Thursday, February 4, 2016

Words and their meaning

At a conference on the family organised by The Irish Catholic, the papal nuncio to Ireland Archbishop Charles Brown said:

Merciful love and the truth of the family, these are the things that we have to hold together.

What exactly is 'merciful love' and how does it differ from 'love'?

What is the 'truth of the family'?

The quote is taken from this week's Irish Catholic.

4 comments:

Póló said...

I think "merciful love" is an expression from James's St. for when something awful happens, like the delph teapot falling to the floor and shattering into a million pieces.

As for "the truth of the family", this is something that the church as assiduously avoided facing for yonks.

The Nuncio is talking through his mitre.

Michael said...

Terrific response Póló. Seriously though, isn't merciful redundant when love is mentioned?

Póló said...

Indeed, and on reflection I can now hear my Granny saying "merciful hour!".

So we'll just have to put the Nuncio down as a fuzzy thinker.

Francis Hunt said...

There's a special kind of unctious "church-speak" which seems to involve always putting in a qualifying adjective; divine saviour, holy father, etc.

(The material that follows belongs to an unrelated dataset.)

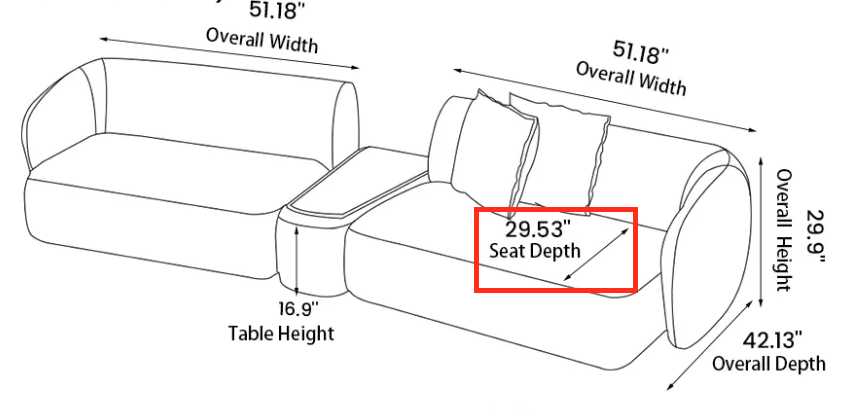 Detailed sofa measurement diagram showing a 29.53-inch seat depth, ideal for deep lounging comfort as explained in this sofa seat depth guide, with overall width, depth, and height labeled.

One truth of the family, which Church authorities today conveniently forget, is that for the largest part of history the family was firmly regulated to second place - behind the celibate life - in the official teaching and pastoral practice of the Roman Catholic Church. This included the widespread practice of taking children from their families and making them postulants in monasteries and convents. The origin of many diocesan secondary schools in Ireland was as "junior seminaries," where boys from the age of eleven or twelve were encouraged to discover vocations to the priesthood. The discovery of "family values," and the ardent identification with and defence of the same is, historically, a pretty recent phenomenon. I suspect that much of it has to do with an ultramontane (from around Pius IX onwards) attempt to put a religious flavour on the new developing cultural concept of what we would today call the "nuclear family," which actually has its origins in late 18th Century liberal, secular bourgeois circles.